US Coins

Market Analysis: Rare gold dollar from Dahlonega

The 1861-D Indian Head gold dollar was produced under the authority of the Confederacy and perhaps 75 survive. This one in PCGS Extremely Fine 45 sold for $60,000 and has a strike-through error on the reverse.

Images courtesy of Heritage Auctions.

One of the lesser-known examples ranked by Jeff Garrett and Ron Guth in their book The 100 Greatest U.S. Coins is the 1861-D Indian Head gold dollar.

Struck at the Dahlonega Mint in Georgia, it was produced by the Confederacy in an unknown mintage of approximately 500 to 1,000 as estimated by Doug Winter in his 2013 reference on that Mint’s coinage.

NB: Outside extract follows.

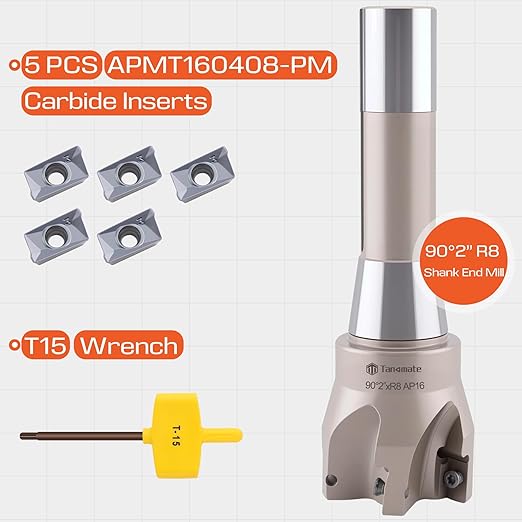 Indexable End Mill R8 Shank 2" Cutting Diameter x 6-1/8" Oal 90 Degree with Nickel Plating, Includes 5 APKT1604 Carbide Inserts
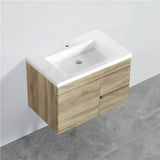 600/750Mm Narrow Berge Wall Hung Bathroom Vanity White Oak Wood Grain Pvc Filmed Cabinet Only &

Of these, optimistic estimates suggest that 75 are known in all grades, and this one features light red patina on both sides and some striking weakness.

A straight “strike through” error is noted on the reverse as a diagonal line, the result of some object between the dies and the planchet during striking, and this is consistent with the uneven quality of the issue. Winter wrote, “The quality of the planchets used to strike these coins was not very high and this makes it easy to see why many have splits, cracks or other defects.”

The example in Heritage’s January Florida United Numismatists auction of the Schwenk Family 100 Greatest Coins Collection was graded Extremely Fine 45 by Professional Coin Grading Service and housed in an old “rattler” holder. It realized $60,000.